**WHAT TO DO**
Where the records hold the string "background", show the whole line it sits on.
-.-.-
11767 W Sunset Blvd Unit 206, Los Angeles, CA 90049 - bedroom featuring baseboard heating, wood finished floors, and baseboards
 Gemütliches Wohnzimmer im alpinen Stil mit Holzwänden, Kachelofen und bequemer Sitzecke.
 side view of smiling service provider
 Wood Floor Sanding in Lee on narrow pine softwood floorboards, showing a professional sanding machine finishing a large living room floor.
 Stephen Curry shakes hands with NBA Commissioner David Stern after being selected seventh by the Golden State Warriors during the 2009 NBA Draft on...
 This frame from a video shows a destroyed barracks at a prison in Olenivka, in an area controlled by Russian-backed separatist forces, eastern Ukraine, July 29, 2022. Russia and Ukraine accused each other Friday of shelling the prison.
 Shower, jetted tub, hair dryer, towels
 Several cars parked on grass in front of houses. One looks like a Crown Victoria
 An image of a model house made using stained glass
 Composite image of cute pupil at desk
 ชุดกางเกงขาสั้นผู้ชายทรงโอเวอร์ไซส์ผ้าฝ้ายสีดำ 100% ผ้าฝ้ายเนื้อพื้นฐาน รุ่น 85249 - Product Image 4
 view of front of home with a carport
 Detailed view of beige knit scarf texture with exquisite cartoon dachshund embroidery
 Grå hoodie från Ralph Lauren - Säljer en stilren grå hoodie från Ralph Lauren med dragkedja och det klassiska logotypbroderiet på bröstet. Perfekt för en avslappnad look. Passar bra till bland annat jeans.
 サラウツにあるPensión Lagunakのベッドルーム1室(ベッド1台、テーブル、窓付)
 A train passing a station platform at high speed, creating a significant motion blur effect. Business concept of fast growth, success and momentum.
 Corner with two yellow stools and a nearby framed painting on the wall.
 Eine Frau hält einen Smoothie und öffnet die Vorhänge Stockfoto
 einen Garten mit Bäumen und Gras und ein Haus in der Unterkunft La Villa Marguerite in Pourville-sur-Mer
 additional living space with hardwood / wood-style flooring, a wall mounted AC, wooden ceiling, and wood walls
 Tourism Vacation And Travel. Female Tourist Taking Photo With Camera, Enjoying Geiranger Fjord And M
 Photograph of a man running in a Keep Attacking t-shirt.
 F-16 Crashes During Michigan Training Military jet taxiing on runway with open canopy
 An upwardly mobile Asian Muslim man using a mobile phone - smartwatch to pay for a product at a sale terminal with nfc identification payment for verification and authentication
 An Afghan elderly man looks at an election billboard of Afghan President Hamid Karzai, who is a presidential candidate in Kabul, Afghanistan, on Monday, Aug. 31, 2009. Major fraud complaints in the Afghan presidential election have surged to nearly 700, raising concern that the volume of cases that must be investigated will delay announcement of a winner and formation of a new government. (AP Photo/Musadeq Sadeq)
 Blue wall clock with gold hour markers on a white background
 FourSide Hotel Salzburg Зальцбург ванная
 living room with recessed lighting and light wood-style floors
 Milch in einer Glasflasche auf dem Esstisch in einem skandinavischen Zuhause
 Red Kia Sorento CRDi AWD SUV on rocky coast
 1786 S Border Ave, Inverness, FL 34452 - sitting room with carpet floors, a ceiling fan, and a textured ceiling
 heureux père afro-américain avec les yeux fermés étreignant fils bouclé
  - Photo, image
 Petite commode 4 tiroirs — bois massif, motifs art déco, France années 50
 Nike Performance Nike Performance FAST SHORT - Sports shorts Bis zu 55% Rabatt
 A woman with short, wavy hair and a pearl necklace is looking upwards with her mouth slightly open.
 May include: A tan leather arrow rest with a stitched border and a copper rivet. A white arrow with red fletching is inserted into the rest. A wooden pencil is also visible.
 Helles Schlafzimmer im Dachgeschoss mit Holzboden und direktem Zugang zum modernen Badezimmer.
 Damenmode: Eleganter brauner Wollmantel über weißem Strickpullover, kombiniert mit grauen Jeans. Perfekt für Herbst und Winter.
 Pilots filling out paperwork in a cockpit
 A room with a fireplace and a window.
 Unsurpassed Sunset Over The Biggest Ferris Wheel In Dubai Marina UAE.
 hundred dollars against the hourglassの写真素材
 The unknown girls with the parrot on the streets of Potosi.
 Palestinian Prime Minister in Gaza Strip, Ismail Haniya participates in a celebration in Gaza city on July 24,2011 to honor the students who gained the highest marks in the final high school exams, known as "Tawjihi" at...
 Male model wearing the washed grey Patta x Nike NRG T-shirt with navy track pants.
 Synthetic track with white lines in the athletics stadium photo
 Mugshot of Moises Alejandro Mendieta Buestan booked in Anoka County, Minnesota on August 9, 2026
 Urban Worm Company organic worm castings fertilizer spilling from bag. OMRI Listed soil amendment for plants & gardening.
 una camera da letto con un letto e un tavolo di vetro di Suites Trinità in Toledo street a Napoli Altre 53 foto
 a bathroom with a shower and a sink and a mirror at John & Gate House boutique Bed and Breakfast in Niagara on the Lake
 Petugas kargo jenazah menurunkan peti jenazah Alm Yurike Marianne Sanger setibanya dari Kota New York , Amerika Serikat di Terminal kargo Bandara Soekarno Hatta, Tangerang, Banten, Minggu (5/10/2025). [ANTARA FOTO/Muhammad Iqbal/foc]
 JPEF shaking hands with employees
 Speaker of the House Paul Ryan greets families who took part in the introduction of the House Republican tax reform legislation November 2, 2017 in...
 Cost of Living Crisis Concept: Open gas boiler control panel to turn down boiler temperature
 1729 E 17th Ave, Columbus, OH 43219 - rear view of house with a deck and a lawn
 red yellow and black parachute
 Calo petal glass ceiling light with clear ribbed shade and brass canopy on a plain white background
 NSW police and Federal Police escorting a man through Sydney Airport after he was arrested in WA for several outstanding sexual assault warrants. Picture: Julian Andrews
-.-.-
**RESULT**
 Blue wall clock with gold hour markers on a white background
 Calo petal glass ceiling light with clear ribbed shade and brass canopy on a plain white background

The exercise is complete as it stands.